La questione della interpretazione
I padri della chiesa interpretavano questi testi in senso allegorico (i «piccoli» sfracellati sulla roccia, per esempio, venivano spiegati come i cattivi pensieri che andavano annientati sul nascere, contro la roccia che è Cristo), o in senso profetico (il Sal 109, citato in At 1,20, era letto in riferimento a Giuda). È a partire dal XIX sec. che i Salmi imprecatori hanno cominciato a rappresentare un problema, e più di recente a motivo della loro traduzione in lingua moderna che ne ha restituito la vivezza e la comprensibilità delle espressioni. Sono state avanzate interpretazioni riduttive di questi testi ritenuti – in una prospettiva larvatamente marcionita – appartenenti a una fase superata della rivelazione (l’AT), o considerati componimenti dal solo valore storico-culturale, senza un significato normativo per i cristiani, o ancora attestanti un modo esasperato di concepire l’onnipotenza di Dio. Si tratta di prospettive che lasciano perlomeno insoddisfatti, perché non colgono quale passione per l’uomo e per Dio questi salmi nel loro contesto storico, nella loro forma linguistica, riescono a esprimere.

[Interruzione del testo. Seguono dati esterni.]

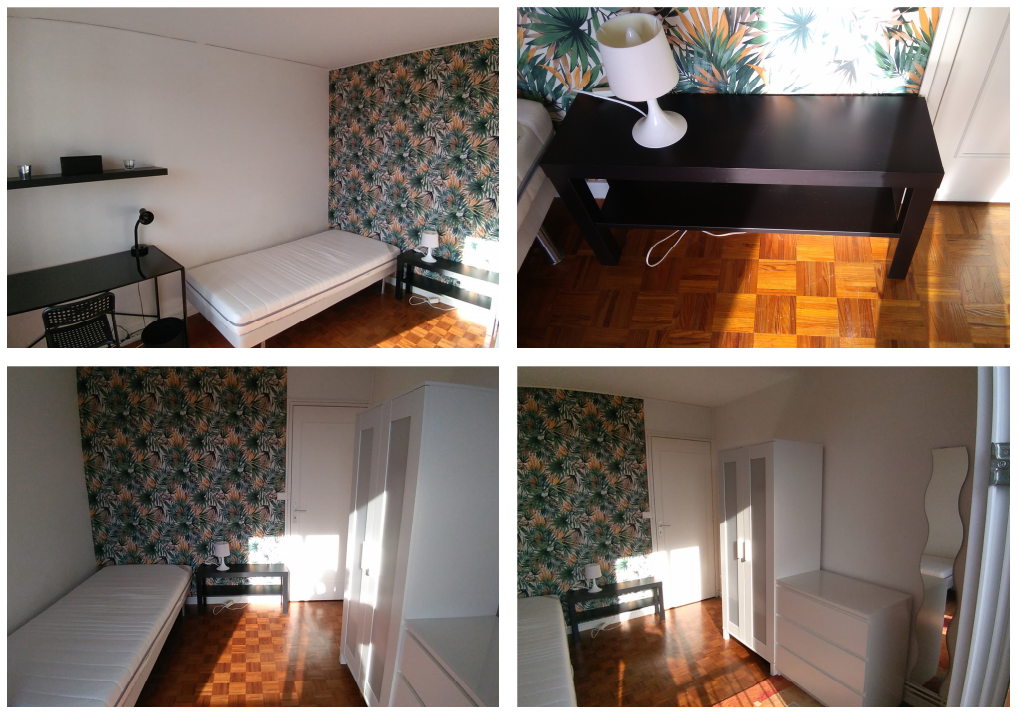 Colocation Pessac 516728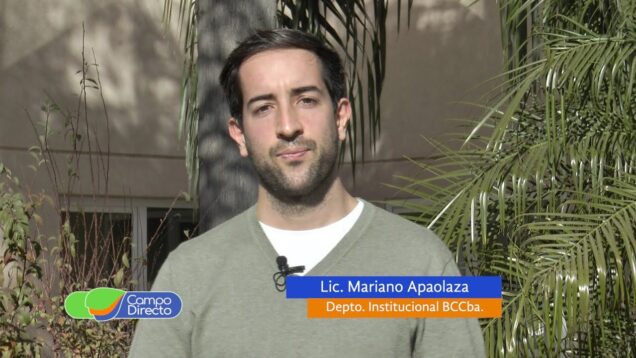 Campo Directo | Cursos de agosto de la Bolsa de Cereales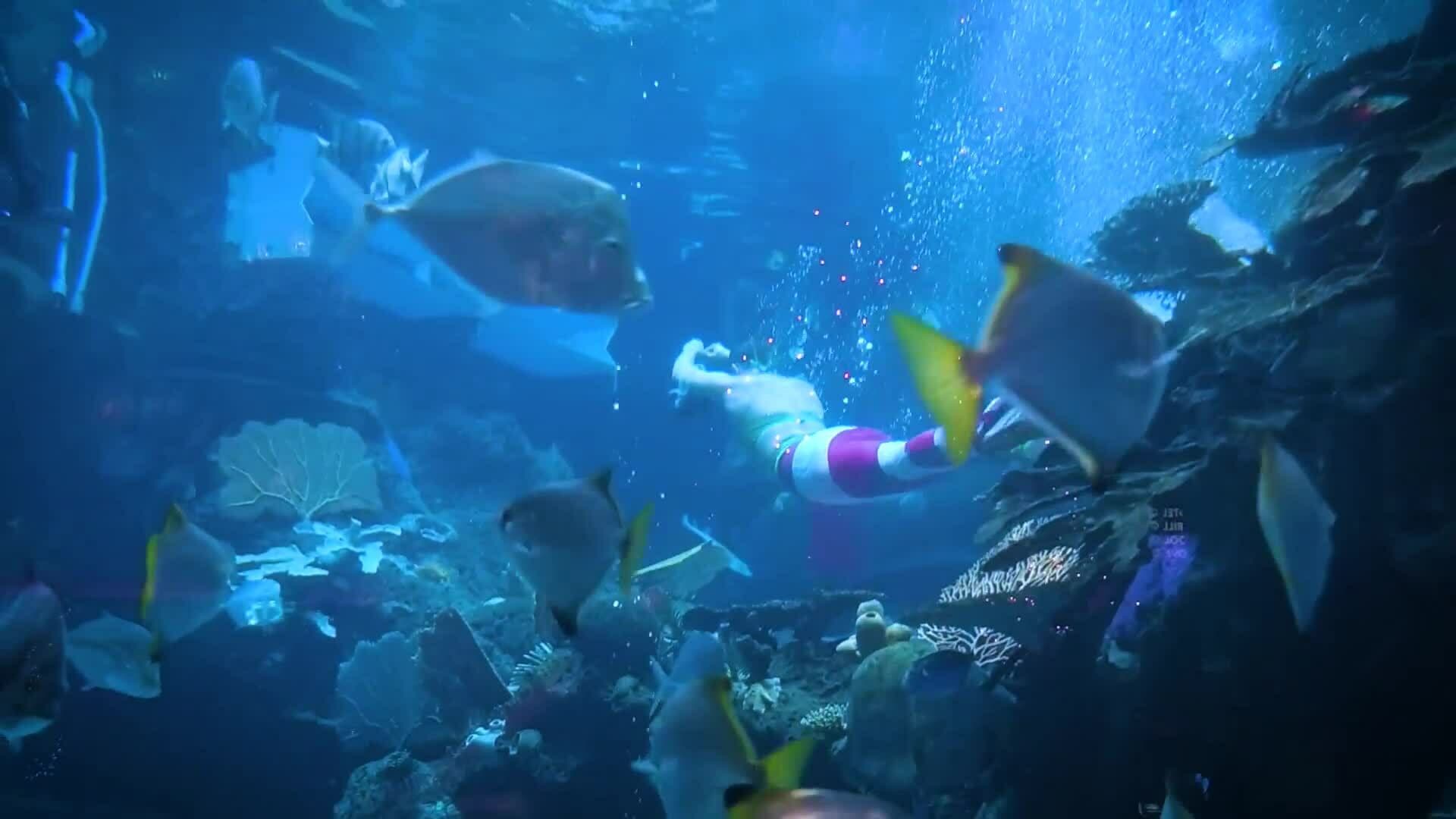 Mermaid Record-Breakers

Scegliere di eliminarli non solo espone al rischio di decidere che alcuni testi sono meno ispirati di altri, ma anche a quello di sottrarsi alla fatica che è di tutti i salmi e che con questi testi si fa più acuta, quella di essere condotti a una esperienza di Dio «senza sconti e senza riduzioni, in tutte le sue più radicali esigenze».La questione allora non è se utilizzare questi testi nella preghiera, ma come farlo.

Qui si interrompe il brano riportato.